# ADA AS Amazonia = Yellow Water



## Nano Jake (5 Sep 2008)

I recently setup my new 60x30x35 opti with AS Amazonia, problem is the water is really yellow.

I know this is normal but I have been doing 50% Wc's for the last 7 days and its still yellow....  


Jake.


----------



## Garuf (5 Sep 2008)

It lasted nearly a month for me first time round, the second time I bunged a bag of purigen in my filter and it has been crystal clear ever since. 
Well worth the money mate.


----------



## Nano Jake (5 Sep 2008)

So with the Purigen Yellow water was non existent?


----------



## Garuf (5 Sep 2008)

Yeah the water was like crystal. you still need to keep up the water changes though.


----------



## vauxhallmark (5 Sep 2008)

I noticed the same thing - got up the first morning and I could see the water was yellow from across the room.
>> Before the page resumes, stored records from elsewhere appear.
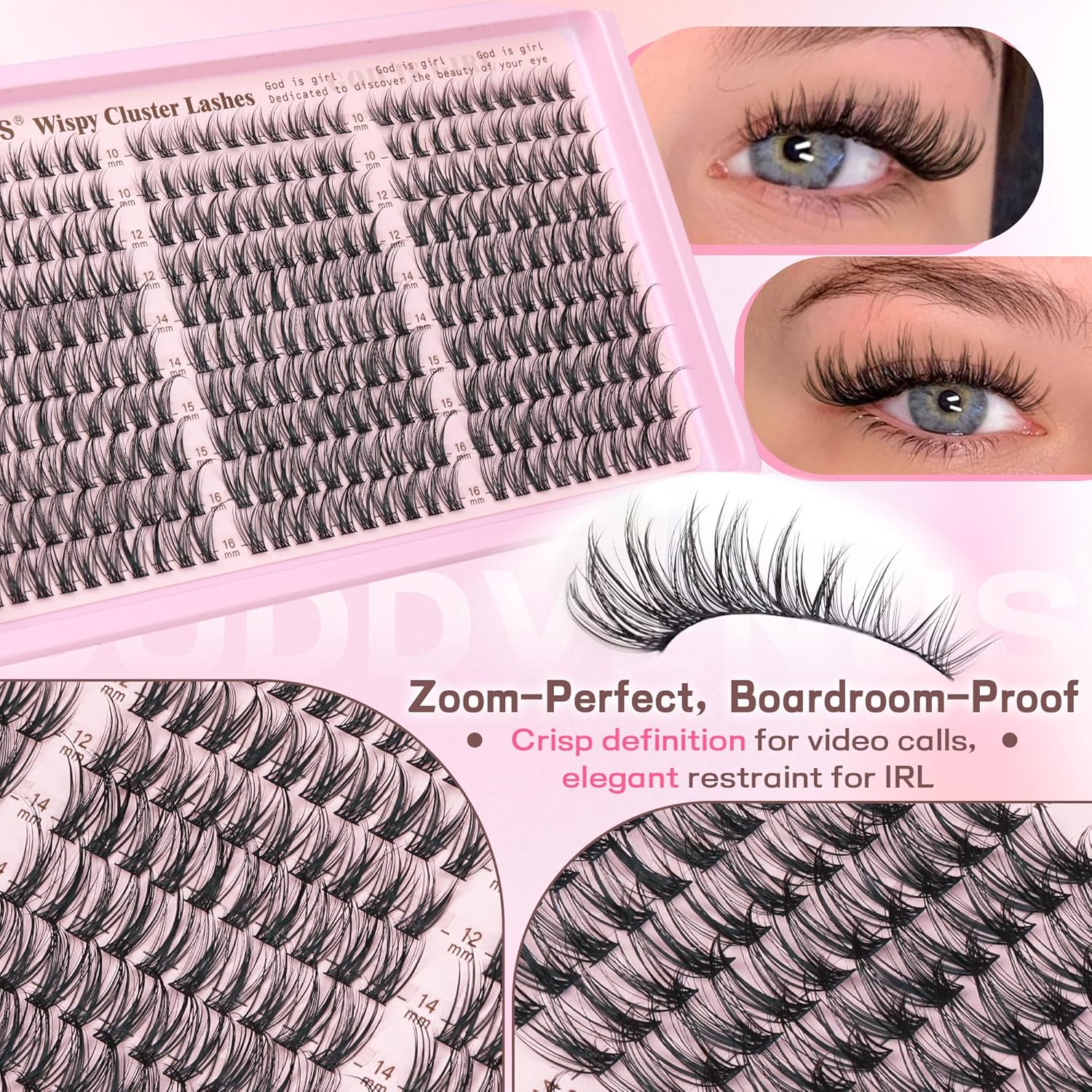 Goddvenus Wispy Lash Clusters Kit, C Curl Natural DIY Individual Eyelash Extensions (300 pcs, 10-16mm)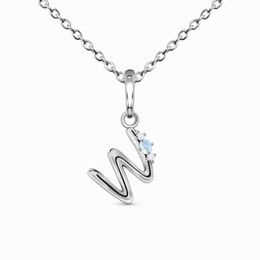 Hot Selling S925 Sterling Zilveren Letter W Maanlicht Stenen Hanger Ketting Vrouwen Kleine Ontwerp Mode-sieraden
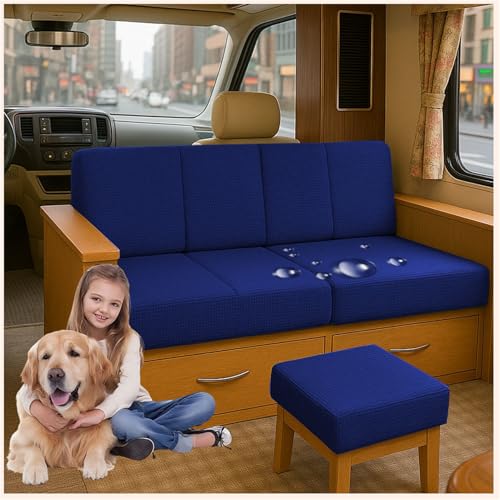 ZGDDPZA Stretch Sitzkissenbezüge für Wohnmobil, Caravan, Gartenbank Sofa Wasserabweisende mit 2 Gummibändern rutschfeste Jacquard Hussen für Rückenlehne Sitzfläche (Marineblau,L 190-220cmW 40-65cm) ZGDDPZA Stretch Sitzkissenbezüge für Wohnmobil, Caravan, Gartenbank Sofa Wasserabweisende mit 2 Gummibändern rutschfeste Jacquard Hussen für Rückenlehne Sitzfläche (Marineblau,L 190-220cmW 40-65cm) von ZGDDPZA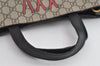Authentic GUCCI Wolf Pattern 2Way Tote Bag GG PVC Leather 450950 Brown 5750I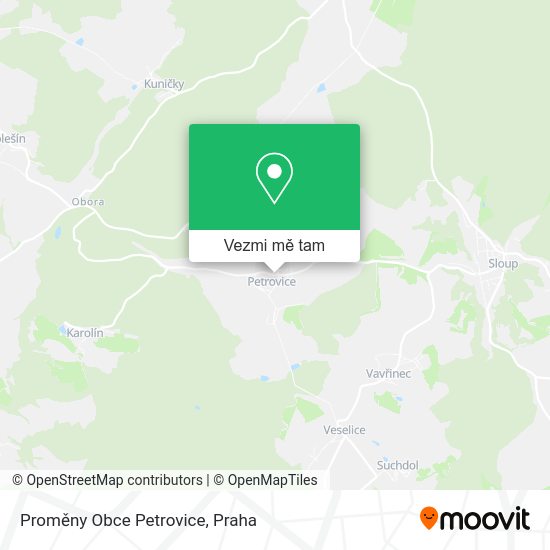 Proměny Obce Petrovice mapa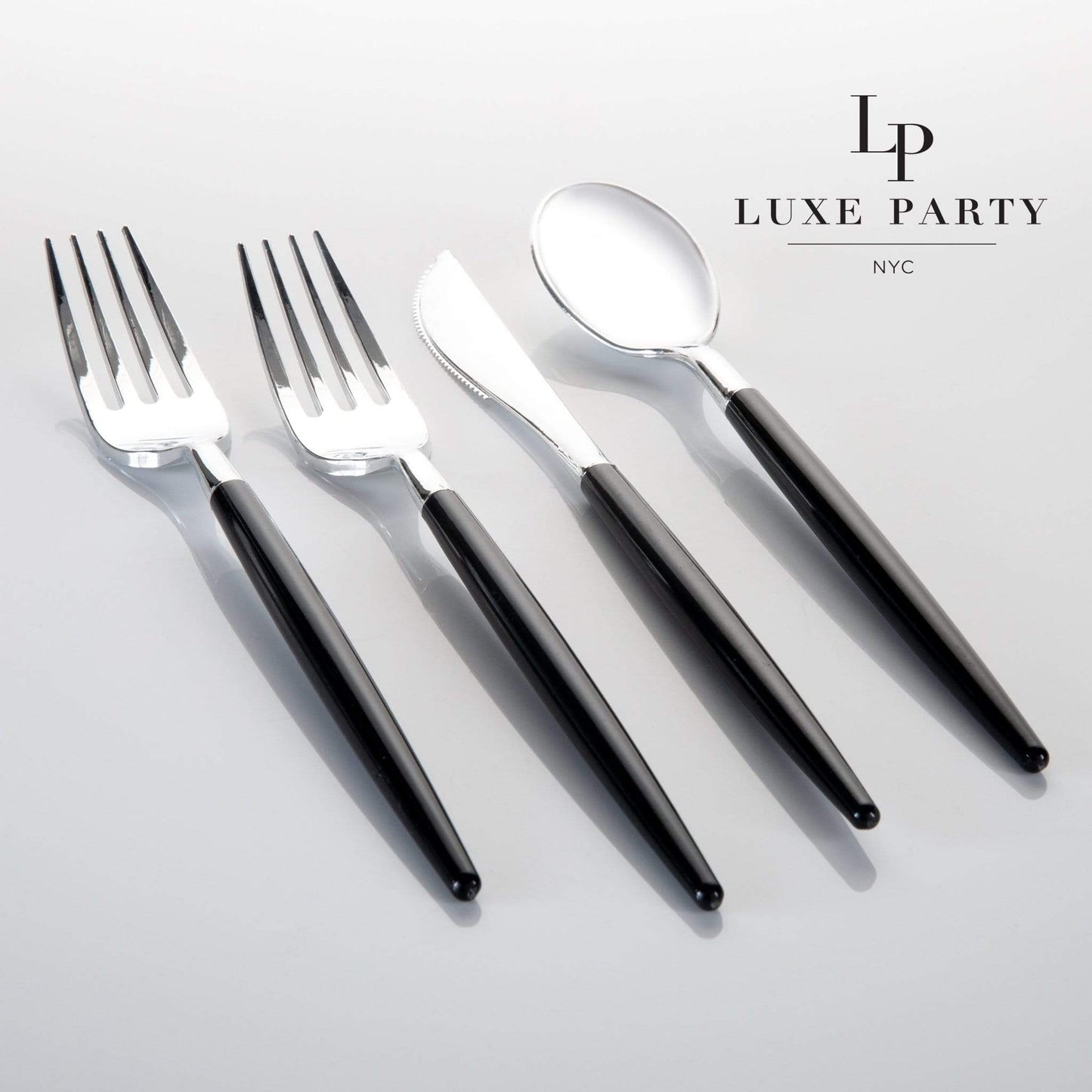 Luxe Party - Black • Silver Plastic Cutlery Set | 32 Pieces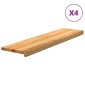 vidaXL Πατάκια Σκάλας 4 τεμ. Ανοιχτό Καφέ 100x30x2 cm Ξύλο Δρυός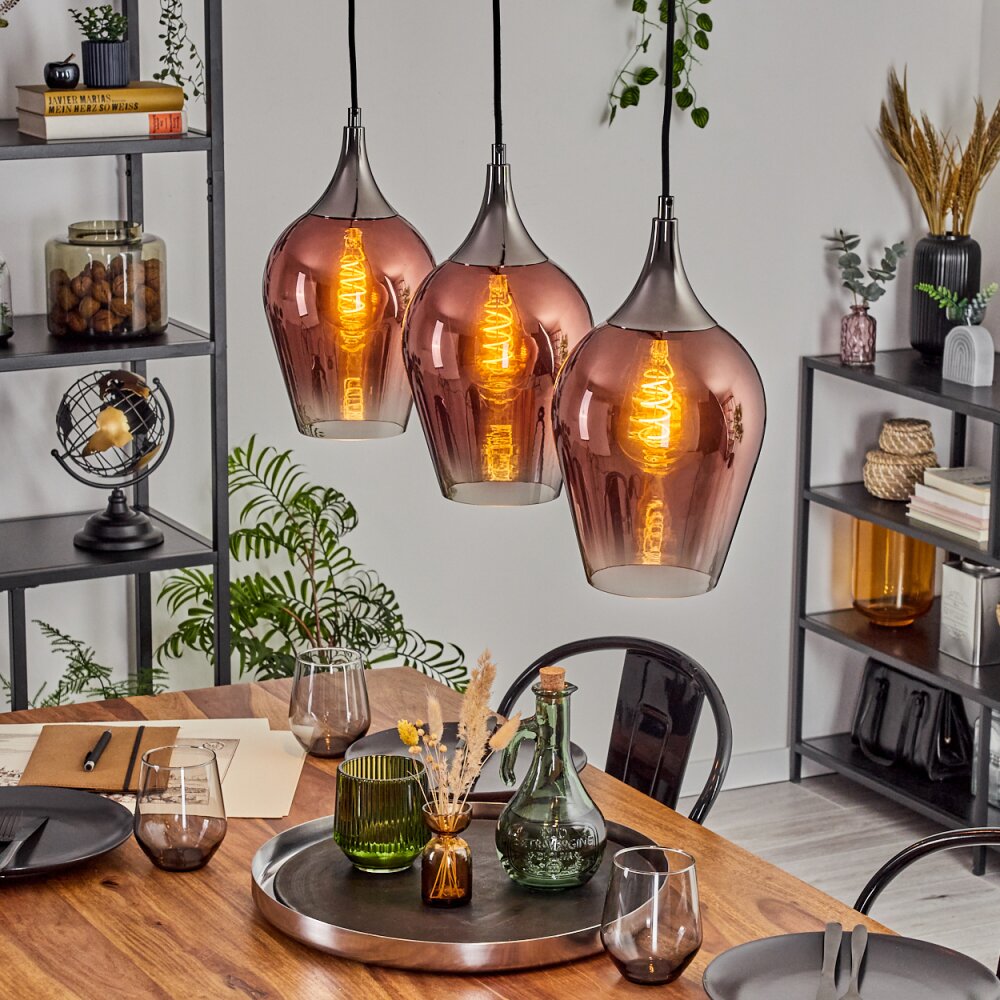 Lutarp Lampa wisząca, Lampa wisząca Chrom, Czarny, 3-punktowe main product photo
I put the bag of carbon that came with my Tetra filter (which I hadn't planned on using) in the filter, that cleared it up too. I haven't tried purigen yet - hopefully by the time my carbon's exhausted the yellow won't be such a problem.

Good luck,

Mark


----------



## zig (5 Sep 2008)

Carbon clears it up in a day or two.


----------